━━━ Available records ━━━

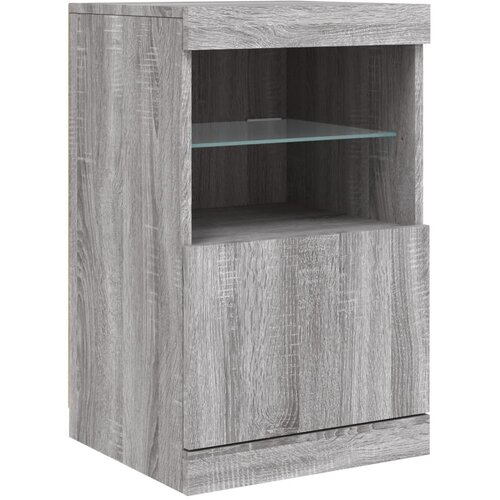  Komoda s LED svjetlima boja sivog hrasta 123x37x67 cm Siva Slike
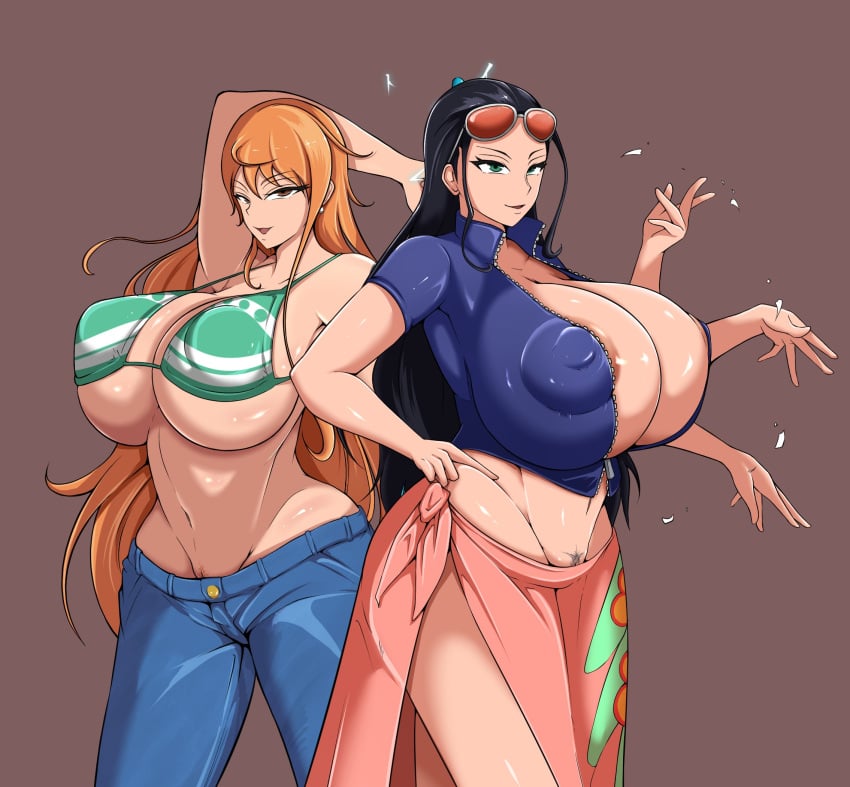 2girls alternate_breast_size areola_slip areolae_slip arm_band bare_shoulders big_areola big_areolae bikini bikini_top black_hair blue_jacket blue_pants breasts_bigger_than_head brown_eyes cleavage clothed clothing earrings female female_only green_bikini_top green_eyes green_top hana_hana_no_mi huge_breasts jacket jeans light-skinned_female light_skin light_skinned_female log_pose long_hair multi_arm multi_limb multiple_girls nami nami_(one_piece) navel nico_robin nipple_bulge nipples_visible_through_clothing no_panties one_piece open_jacket orange_hair pants post-timeskip pubic_hair pubic_hair_peek pussy pussy_hair staff sunglasses sunglasses_on_head tattoo tattoo_on_arm underboob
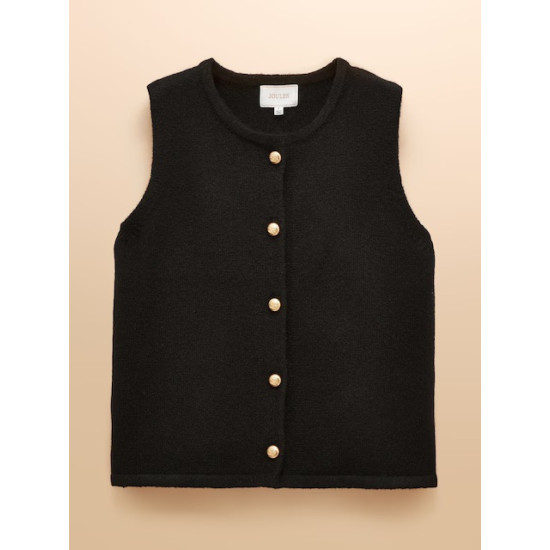 Joules Holly Black Button Through Knitted Vest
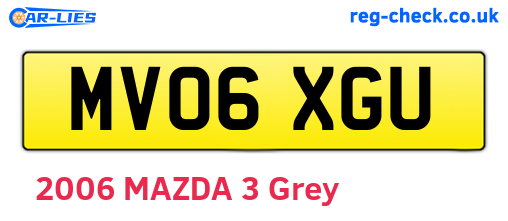 MV06XGU are the vehicle registration plates.
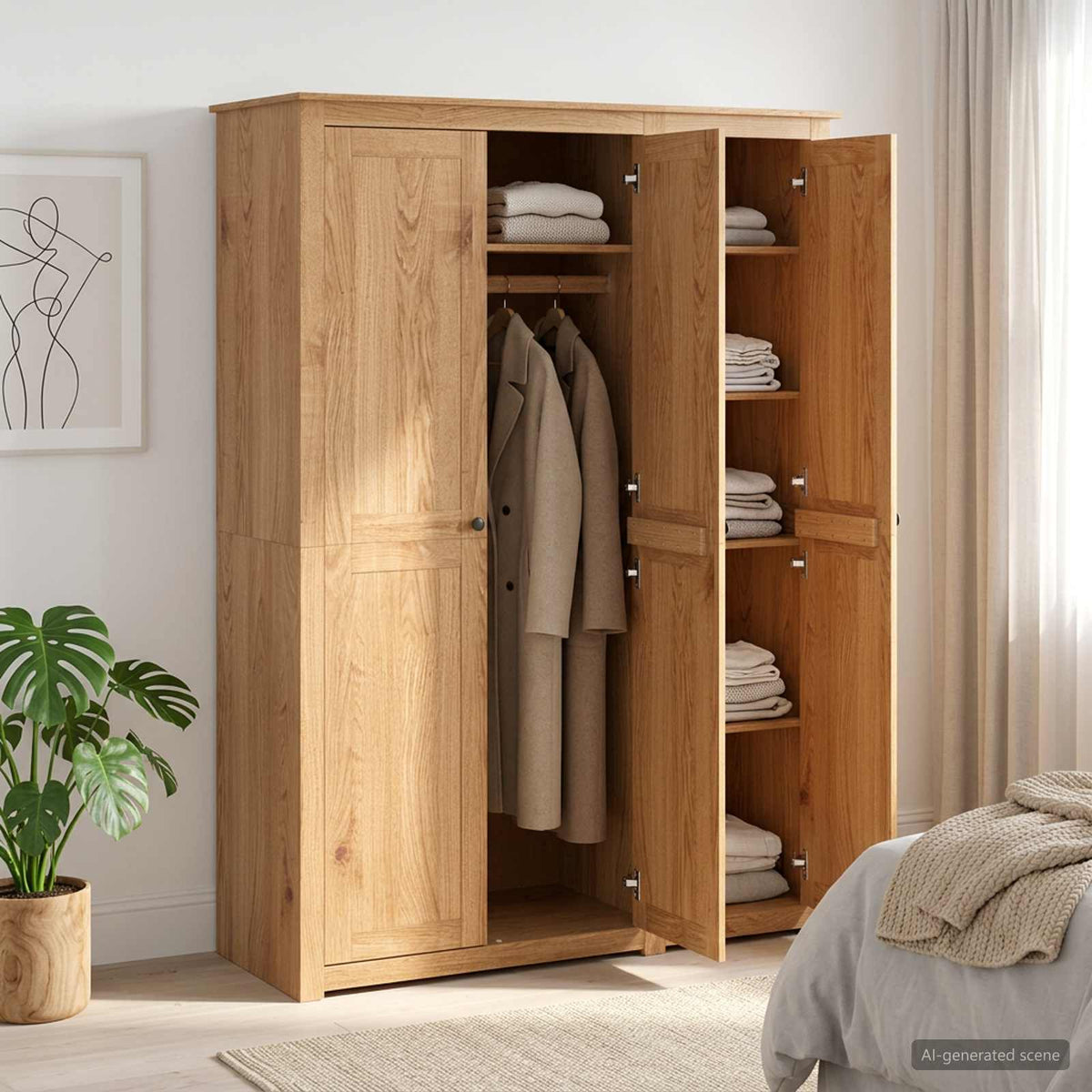 vidaXL Wardrobe PANAMA Honey 131.5 x 50 x 185 cm Solid Pine Wood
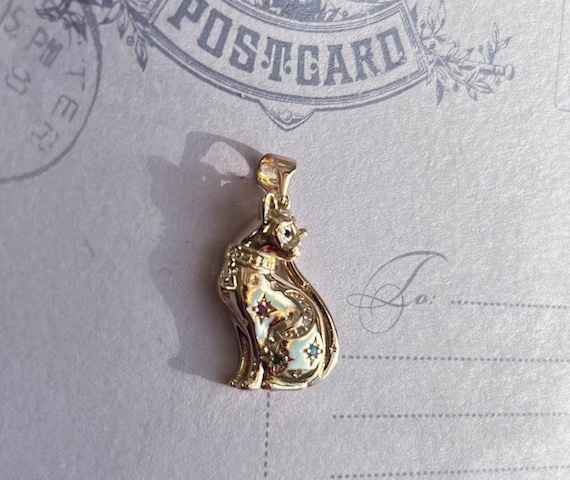 Beautiful 18K Magical Witch Cat Goldfilled pendant charm Medaille golden vintage style stylish Moon Star crystal high-end necklace gift 22in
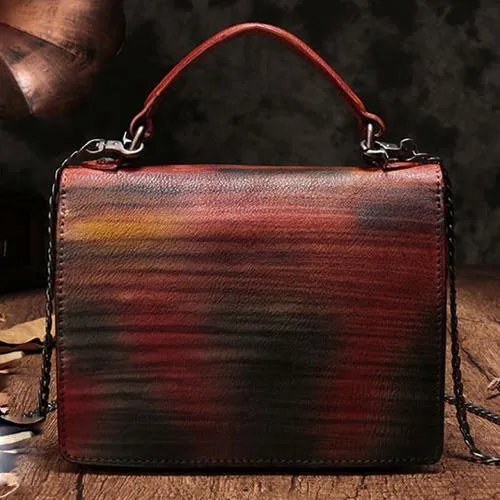 Vintage Womens Red Leather Handbags Purse Satchel Handbags Shoulder Crossbody Bags for Ladies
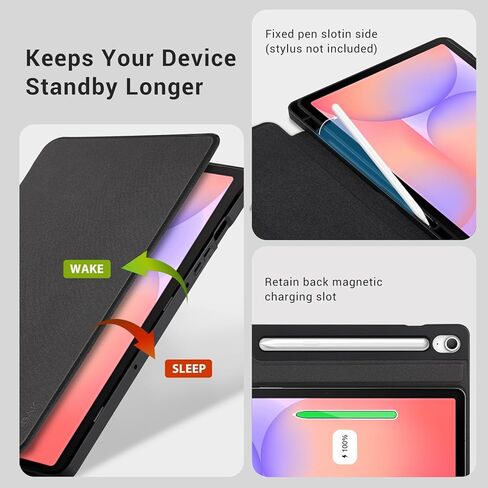 CoBak Case for Samsung Galaxy Tab S10 Lite / S10 FE / S9 FE 10.9 Inch, Protective Smart Auto Wake/Sleep Cover with Anti-Slip Multi-Angle Stand and S Pen Holder, Black in Saudi Arabia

━━━

§ **About this exercise**:
Please output the lines from the line that contains "vidaXL Wardrobe PANAMA" through the end of the records, both ends included, exactly and with no pictures.

§ **Task response**:
 vidaXL Wardrobe PANAMA Honey 131.5 x 50 x 185 cm Solid Pine Wood
 Beautiful 18K Magical Witch Cat Goldfilled pendant charm Medaille golden vintage style stylish Moon Star crystal high-end necklace gift 22in
 Vintage Womens Red Leather Handbags Purse Satchel Handbags Shoulder Crossbody Bags for Ladies
 CoBak Case for Samsung Galaxy Tab S10 Lite / S10 FE / S9 FE 10.9 Inch, Protective Smart Auto Wake/Sleep Cover with Anti-Slip Multi-Angle Stand and S Pen Holder, Black in Saudi Arabia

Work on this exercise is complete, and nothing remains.